[[ Material provided, beginning ]]

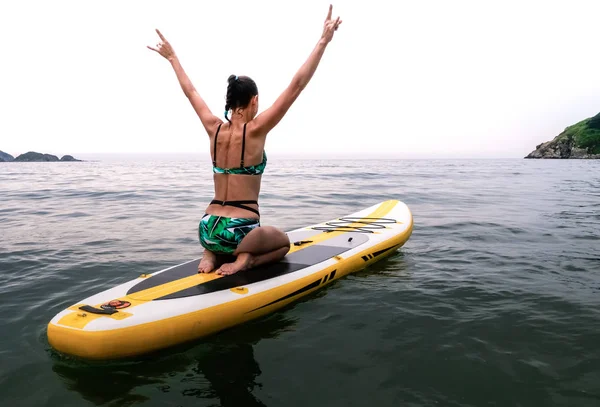 Férias no mar: a menina navega em um sup-board amarelo e em ondas do mar e alegremente levanta as mãos para o topo . — Fotografia de Stock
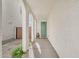 Inviting entryway featuring arched columns and a quaint, sage-green front door at 4803 S Ferric --, Mesa, AZ 85212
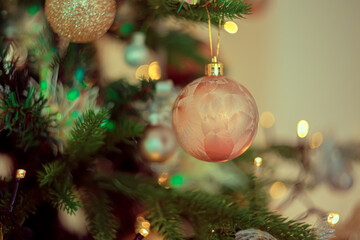 Wall Mural - Gold festive decorations ball on the Christmas tree and beautiful yellow bokeh of glowing garland. Dark background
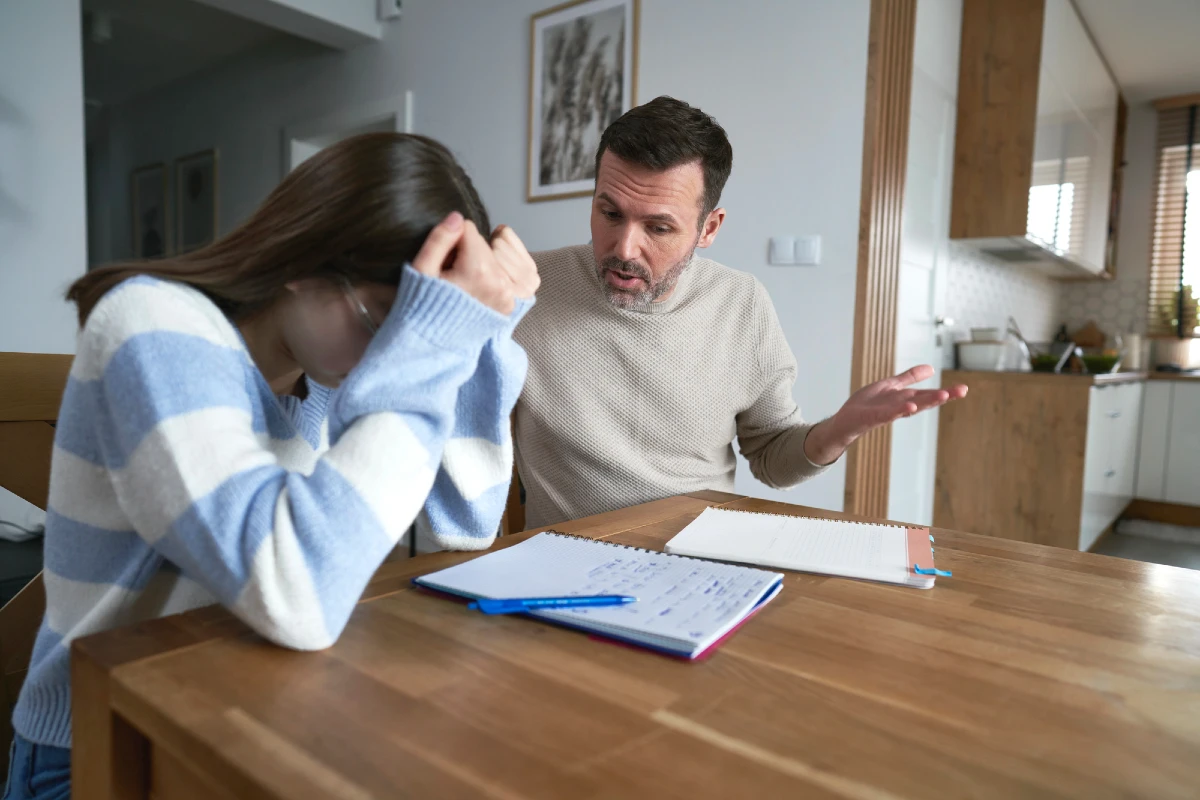 Vater spricht mit seiner Tochter am Tisch – Konflikt und Kommunikation in der Pubertät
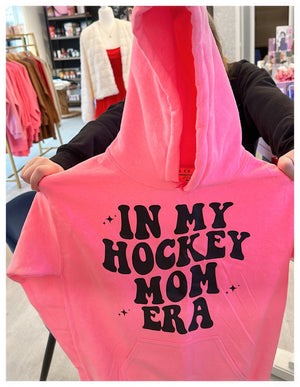 Hockey mom sweatshirt in my hockey, mom era, neon, pink, hooded sizes, extra small to 3XL designed and made in Canada sold in Canada ￼shop local support local.  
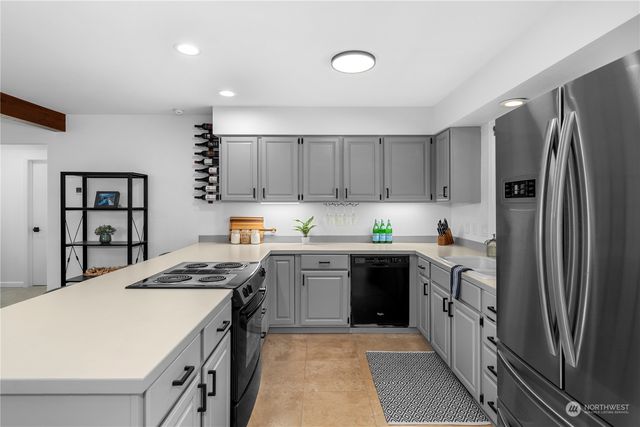 a kitchen with a refrigerator a sink and wooden cabinets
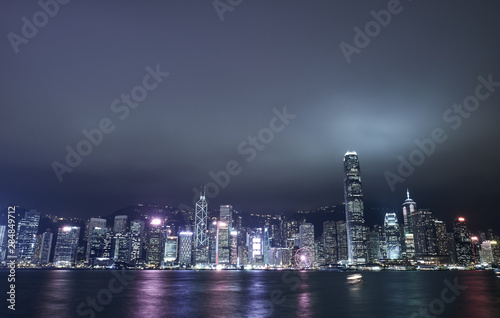 Central district in Hong Kong at night. City landscape. © badahos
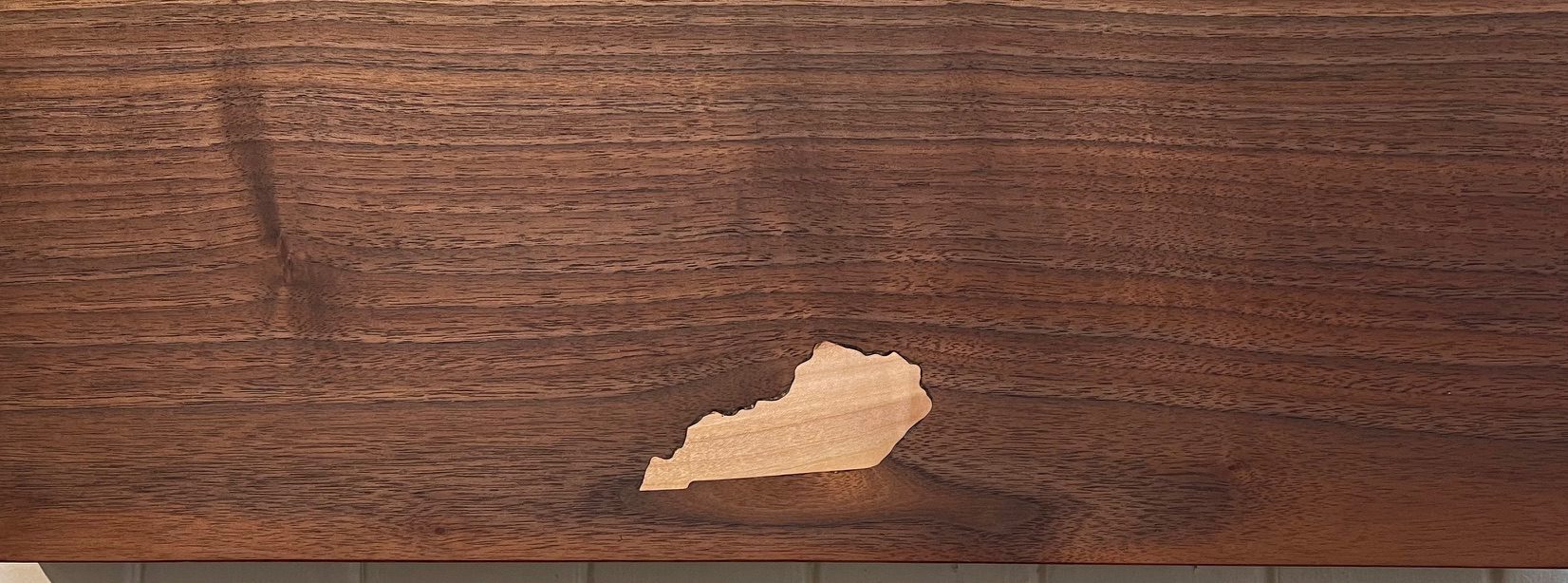 Walnut wood with a Kentucky shape cutout.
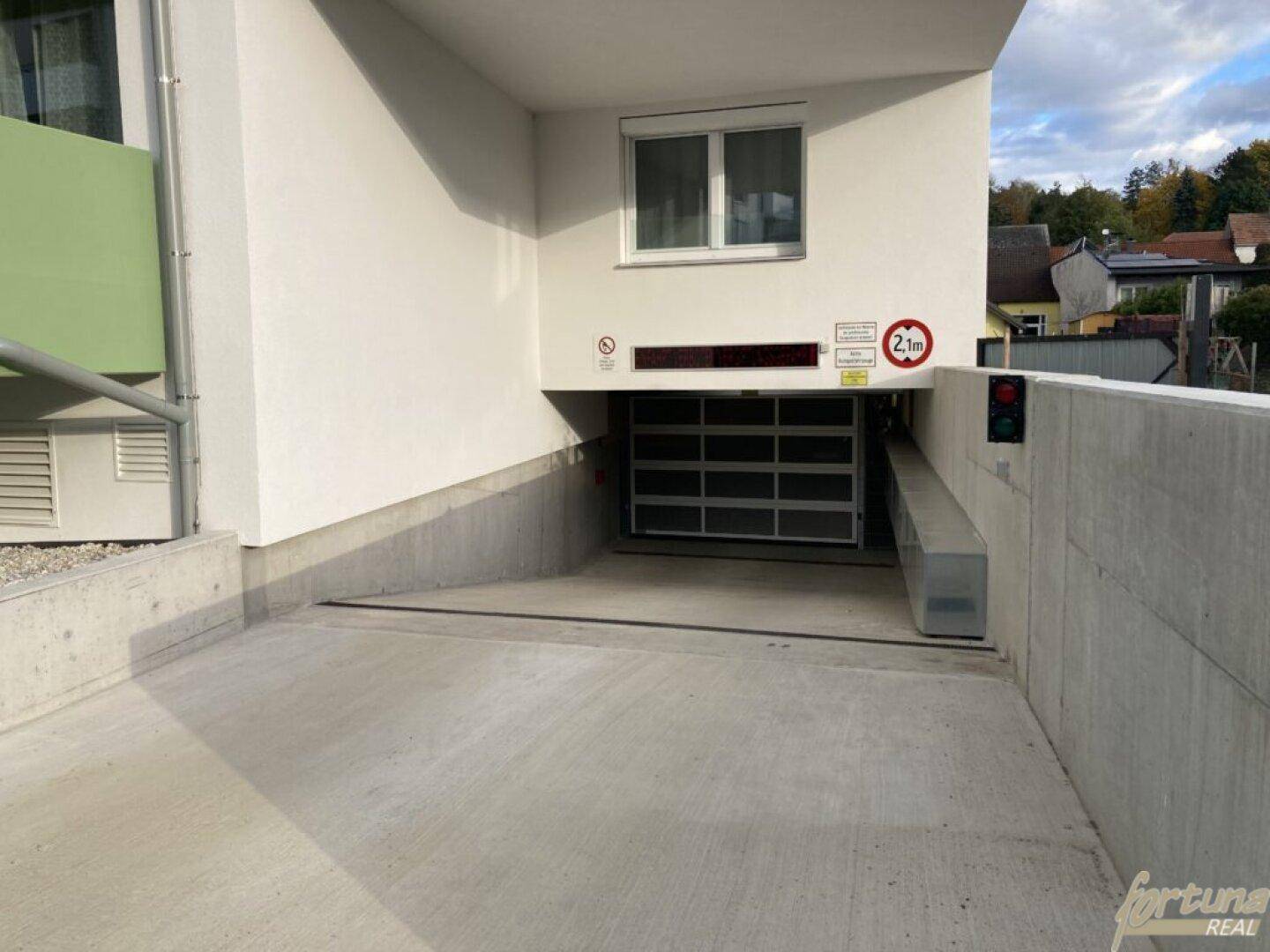 Einfahrt zur Tiefgarage des Wohnkomplexes mit Höhenbegrenzung und Ampelsystem.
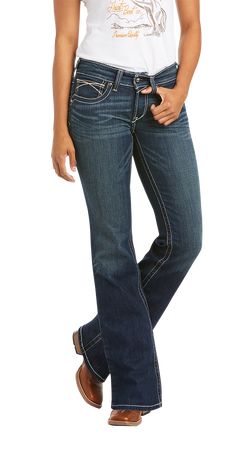 Ariat R.E.A.L. Mid Rise Stretch Whipstitch Bootcut Jeans for Ladies are tough enough for your workday, but finished with whiskering, fading, and fashion stitching so you can wear them everywhere. These Ariat riding jeans are made of stretch denim to fit your body perfectly, and they hold that fit without sagging in the seat or gapping in the waist. They have a medium wash, 5 pockets, a zip-and-button fly, and a mid-rise waist to give you coverage when you're active. Ariat R.E.A.L. Mid Rise Stret Western Style Mid-rise Dark Wash Flare Jeans, Western Style Dark Wash Mid-rise Flare Jeans, Western Mid-rise Denim Blue Jeans, Western Style Straight Leg Flare Jeans In Medium Wash, Jeans For Ladies, Capsule Wardrobe Casual, Ariat Jeans, Riding Jeans, Pocket Jeans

[[ Material provided, end ]]

Exercise aim:
Without the pictures, copy the entries from their first line through the line containing "Vater spricht mit", and only those lines.

Your response:
 Férias no mar: a menina navega em um sup-board amarelo e em ondas do mar e alegremente levanta as mãos para o topo . — Fotografia de Stock
 Inviting entryway featuring arched columns and a quaint, sage-green front door at 4803 S Ferric --, Mesa, AZ 85212
 Wall Mural - Gold festive decorations ball on the Christmas tree and beautiful yellow bokeh of glowing garland. Dark background
 Vater spricht mit seiner Tochter am Tisch – Konflikt und Kommunikation in der Pubertät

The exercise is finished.